[AVAILABLE DATA]

****

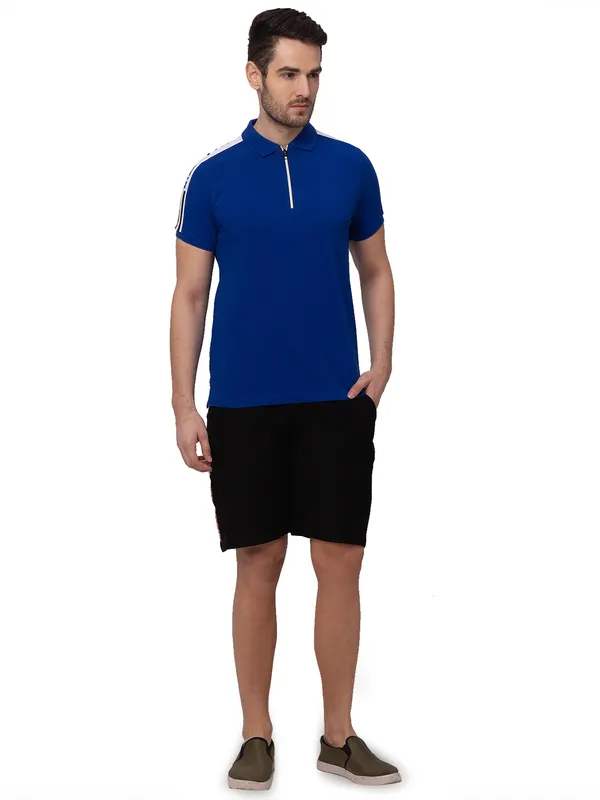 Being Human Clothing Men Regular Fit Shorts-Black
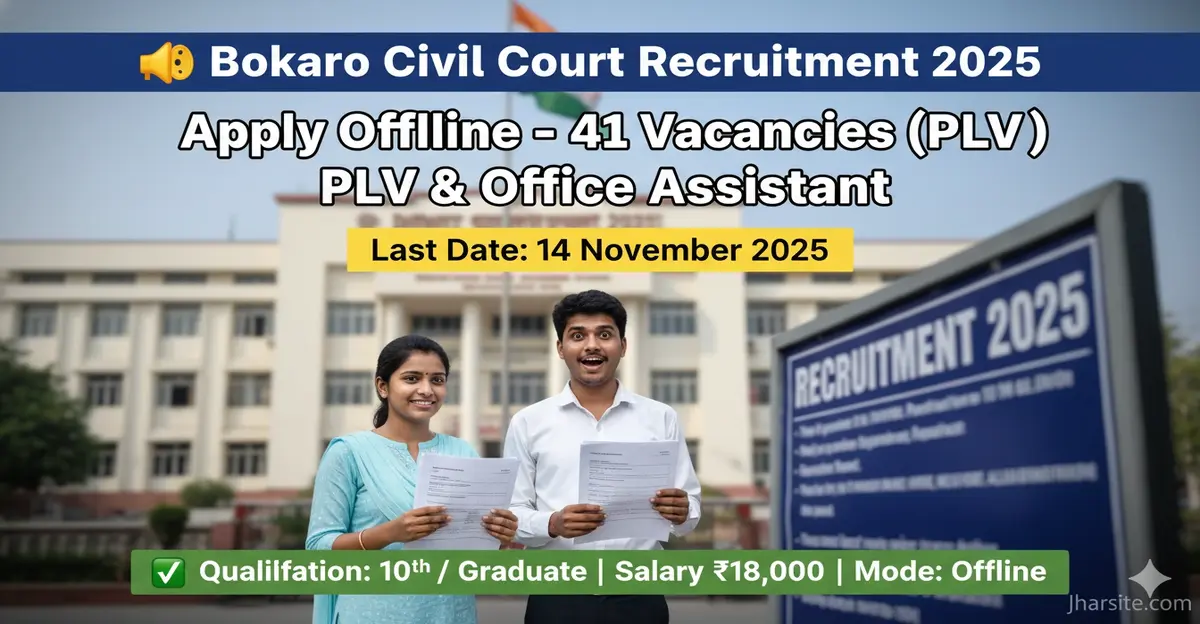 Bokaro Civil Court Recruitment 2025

****

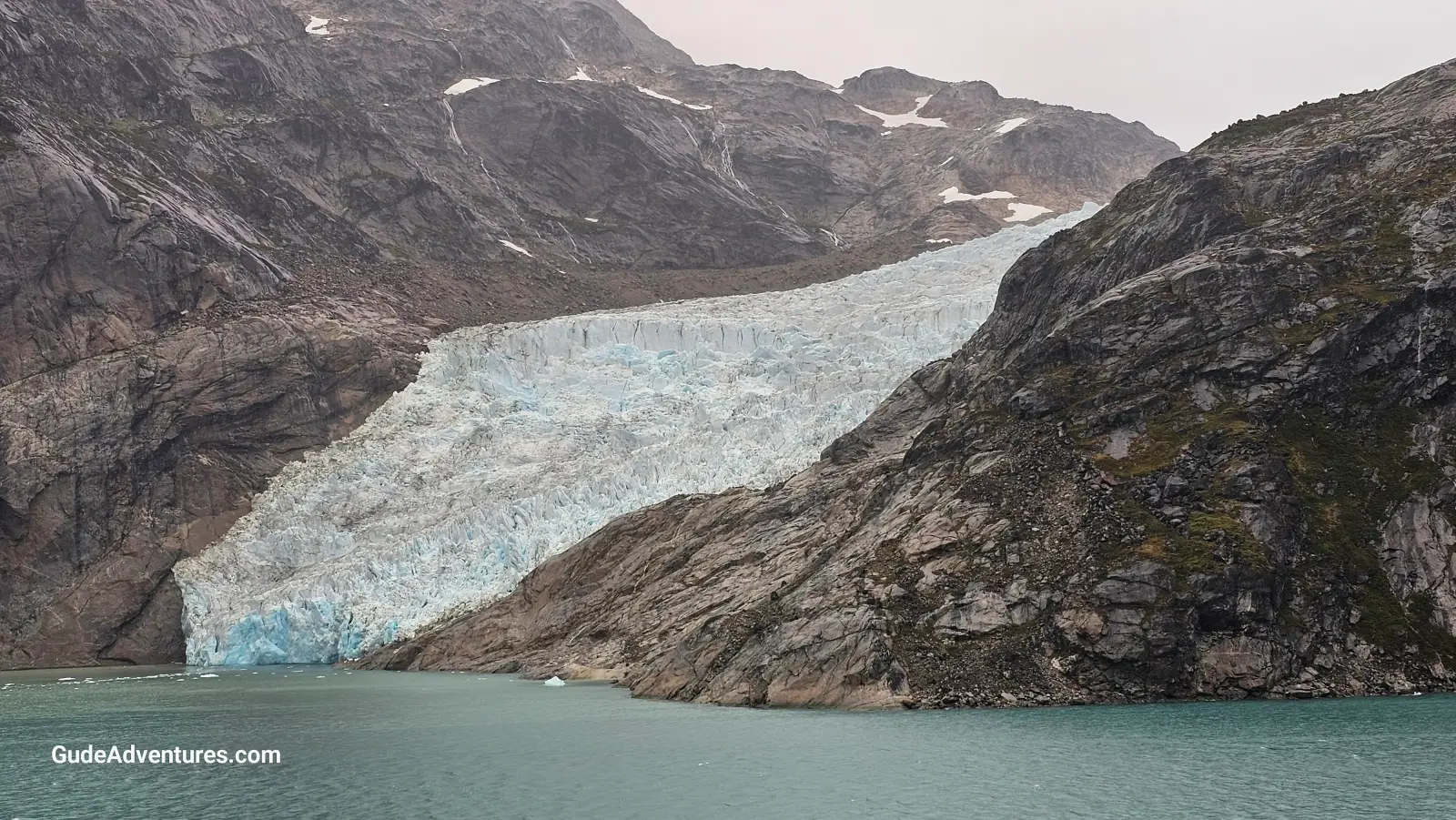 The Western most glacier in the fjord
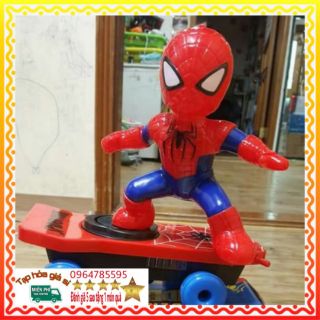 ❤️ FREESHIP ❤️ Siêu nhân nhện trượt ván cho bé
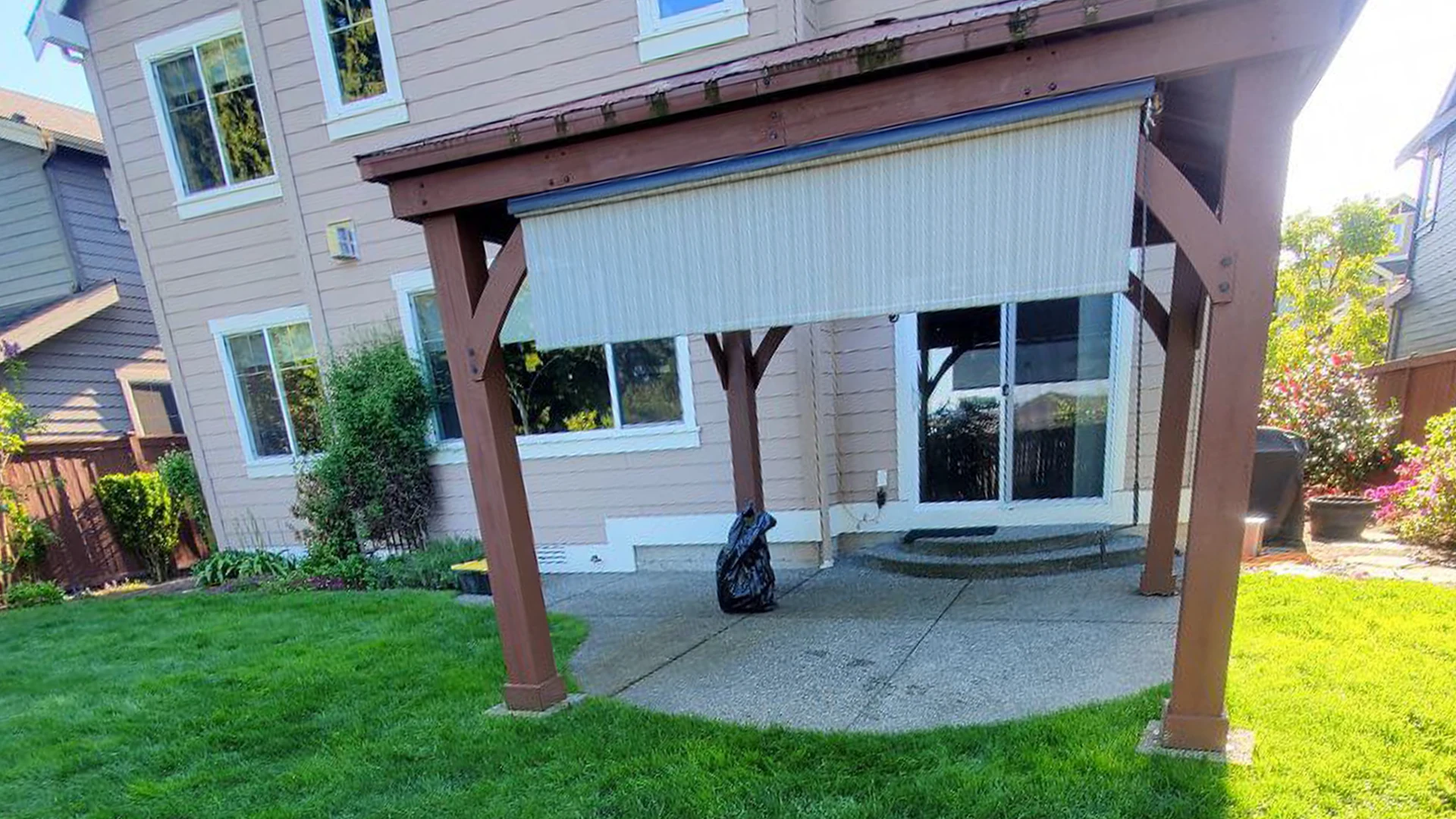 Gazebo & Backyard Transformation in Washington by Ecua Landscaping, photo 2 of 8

****

[WHAT YOU NEED TO DO] Output exactly the stretch of the listing that begins at the line containing "trượt ván cho bé" and ends at the line containing "Gazebo & Backyard", both kept. Omit pictures and everything else.

[FINISHED TASK]
 ❤️ FREESHIP ❤️ Siêu nhân nhện trượt ván cho bé
 Gazebo & Backyard Transformation in Washington by Ecua Landscaping, photo 2 of 8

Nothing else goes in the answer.